He was then ordered to Chambersburg, Pennsylvania, where he lodged at the boarding house of Mary Rittner. He (now corresponding under the name John Henrie) remained there until Brown’s raid was initiated, serving as a contact and forwarding agent for Brown’s men and munition shipments. He also accompanied his leader to the famous meeting with Frederick Douglass in a nearby stone quarry. . .where Brown unsuccessfully attempted to convince Douglass to join forces in the Harpers Ferry incursion.

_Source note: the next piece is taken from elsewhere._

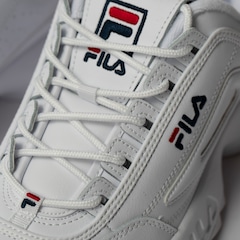 Tênis Fila Disruptor II Premium - Masculino - Foto 4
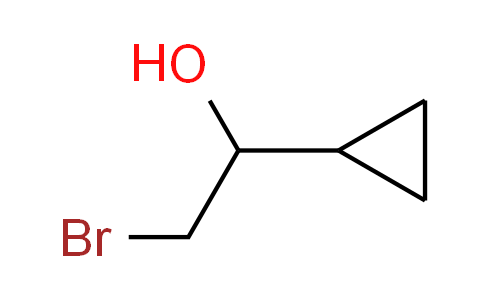 CAS No. 21994-20-7, 2-bromo-1-cyclopropylethanol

On the night of October 16, 1859, he and his Kansas captain, Aaron Stevens, were among the first to cross the bridge into the Ferry. Along with two comrades, John Copeland and Lewis Leary, he was assigned to occupy the United States Rifle Factory, situated above the town on the banks of the Shenandoah River. The following day, as the local militiamen cut off all river crossings and besieged the factory. he was compelled to flee into the river...where he was shot dead, his blood mingling with the waters of his ancestral stream.

*****


Mayhew Cabin  (Wayland 1961)
During those halcyon days of yore, as I set out to research John Brown’s soldiers, I vowed to personally visit all locations relevant to their lives. So it was with John Henri Kagi.

I remember sojourning at the Mayhew Cabin in Nebraska City, today still considered the oldest surviving structure in the State of Nebraska. To maintain my energy level, I enjoyed teetering stacks of pancakes at the nearby “John Brown Family Restaurant.” And I recollect swimming in the Shenandoah River. . .among the very rocks off Virginius Island where Kagi had sought shelter during his final, and fatal, dash for freedom. While the brisk current threatened to sweep my slender form into the Potomac and on to the Atlantic, I tried to visualize angry riflemen on the distant shore.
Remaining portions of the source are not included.